A major runway upgrade designed for bigger aircraft and to lure scheduled passenger service to Red Deer Regional Airport is almost done.

Work to widen the main runway to 45 metres from 30 metres has been underway since May and is expected to be completed by the end of the month. While the work was underway smaller planes were able to continue take off and land using the airport’s smaller runway.

The significant improvement allows the airport to handle larger planes, such as 737s, and positions the airport to attract a low-cost air carrier along the lines of Swoop Airlines, Flair Air or Lynx Air. It would also allow larger planes to land cargo, heavy aircraft maintenance businesses and other aviation-related services.

The widening work was part of a $15-million project supported with $7.5 million from the provincial government and $3.75 million each from Red Deer County and City of Red Deer.

New paving planned for the taxiway and apron will be completed next spring. It was hoped to have it done this fall but heavy rain in June and early July pushed back the schedule.

Meanwhile, another important piece of the airport’s makeover, a new $3-million terminal able handle nearly 200 passengers at a time, is up in the air. Airport representatives applied for a federal grant to cover the cost and expect to get word whether it has been approved by the end of the year, said Nancy Paish, airport director of business development and communications.

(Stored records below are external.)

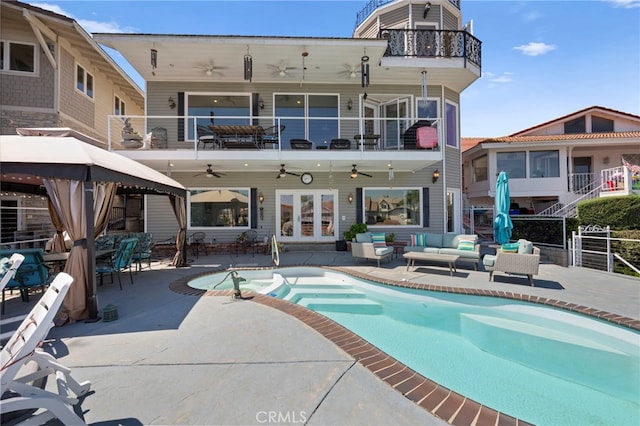 30594 Longhorn Dr, Canyon Lake, CA 92587 - rear view of house featuring ceiling fan, outdoor lounge area, a balcony, a gazebo, and a patio area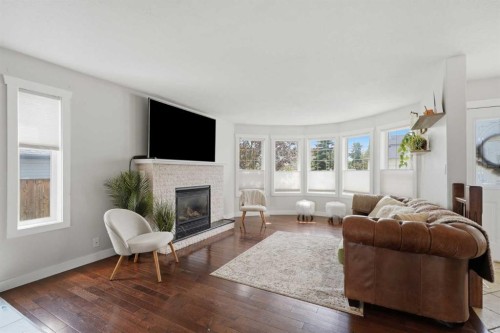 5 Westwood Crescent, Sylvan Lake, AB - Indoor Photo Showing Living Room With Fireplace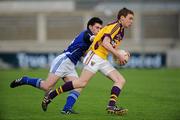 16 April 2011; Kevin O'Grady, Wexford, in action against Darragh Tighe, Cavan. Cadbury GAA All-Ireland Football U21 Championship Semi-Final, Cavan v Wexford, Parnell Park, Dublin. Picture credit: Barry Cregg / SPORTSFILE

If funding comes through, construction on the 12,000-square-foot terminal could start next spring.

The airport is also hoping to tap grants from the federal and provincial governments to develop a solar-powered car port in the main parking area that will also provide power to the terminal.

Efforts continue to market nearly 800,000 square metres of prime development land at the north end of the airport.

“We’re still working on that. We’ve had some interest from some companies,” said Paish. “The large aircraft maintenance, mechanics, manufacturing and cargo (businesses) is really our focus for that north-end land development.

“We’re still looking at what companies nationally could come and bring their business here.”

Future projects include upgrading services to serve the north area, including building roads and installing fibre optics. Another future project involves improving runway safety by adding areas for runway overshoots and undershoots.

To make way for upgrades, a two-storey building parts of which date back to the 1930s, will have to be demolished along with a pair of homes once used to house technicians who oversee the navigation equipment in the tower. That will happen in coming weeks.

In a neat piece of detective work, airport staff were able to track down one of the families that lived in the homes, which date to around he 1940s, some time ago and recorded their children’s growth in a door frame. A member of the airport staff who went to go school with a grandchild of the residents provided the critical link to finding them.

“We were able to reconnect them and get them back their growth charts and some other items in the house. That was really fun to connect with them and put it in their houses now.”